### EXERCISE DESCRIPTION
What follows is a set of entries; retype all of them exactly.

### Stored data entries

☆ ☆ ☆

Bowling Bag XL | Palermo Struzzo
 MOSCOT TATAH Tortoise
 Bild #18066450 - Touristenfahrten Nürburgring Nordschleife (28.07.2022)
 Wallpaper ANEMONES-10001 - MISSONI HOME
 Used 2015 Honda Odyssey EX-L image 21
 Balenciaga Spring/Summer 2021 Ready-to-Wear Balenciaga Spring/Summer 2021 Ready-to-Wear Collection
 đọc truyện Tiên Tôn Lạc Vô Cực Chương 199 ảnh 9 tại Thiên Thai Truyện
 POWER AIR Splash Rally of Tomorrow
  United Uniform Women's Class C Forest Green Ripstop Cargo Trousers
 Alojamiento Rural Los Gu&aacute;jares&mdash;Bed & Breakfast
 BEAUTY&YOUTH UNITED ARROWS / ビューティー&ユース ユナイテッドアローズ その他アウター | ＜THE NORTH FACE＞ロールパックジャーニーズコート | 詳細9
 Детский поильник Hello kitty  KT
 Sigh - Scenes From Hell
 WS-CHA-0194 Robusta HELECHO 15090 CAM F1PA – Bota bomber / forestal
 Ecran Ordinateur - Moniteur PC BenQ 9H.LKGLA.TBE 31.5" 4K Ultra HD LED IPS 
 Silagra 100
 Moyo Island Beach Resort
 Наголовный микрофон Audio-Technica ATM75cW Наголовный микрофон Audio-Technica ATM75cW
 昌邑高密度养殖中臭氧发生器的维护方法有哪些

☆ ☆ ☆

### COMPLETED EXERCISE
Bowling Bag XL | Palermo Struzzo
 MOSCOT TATAH Tortoise
 Bild #18066450 - Touristenfahrten Nürburgring Nordschleife (28.07.2022)
 Wallpaper ANEMONES-10001 - MISSONI HOME
 Used 2015 Honda Odyssey EX-L image 21
 Balenciaga Spring/Summer 2021 Ready-to-Wear Balenciaga Spring/Summer 2021 Ready-to-Wear Collection
 đọc truyện Tiên Tôn Lạc Vô Cực Chương 199 ảnh 9 tại Thiên Thai Truyện
 POWER AIR Splash Rally of Tomorrow
  United Uniform Women's Class C Forest Green Ripstop Cargo Trousers
 Alojamiento Rural Los Gu&aacute;jares&mdash;Bed & Breakfast
 BEAUTY&YOUTH UNITED ARROWS / ビューティー&ユース ユナイテッドアローズ その他アウター | ＜THE NORTH FACE＞ロールパックジャーニーズコート | 詳細9
 Детский поильник Hello kitty  KT
 Sigh - Scenes From Hell
 WS-CHA-0194 Robusta HELECHO 15090 CAM F1PA – Bota bomber / forestal
 Ecran Ordinateur - Moniteur PC BenQ 9H.LKGLA.TBE 31.5" 4K Ultra HD LED IPS 
 Silagra 100
 Moyo Island Beach Resort
 Наголовный микрофон Audio-Technica ATM75cW Наголовный микрофон Audio-Technica ATM75cW
 昌邑高密度养殖中臭氧发生器的维护方法有哪些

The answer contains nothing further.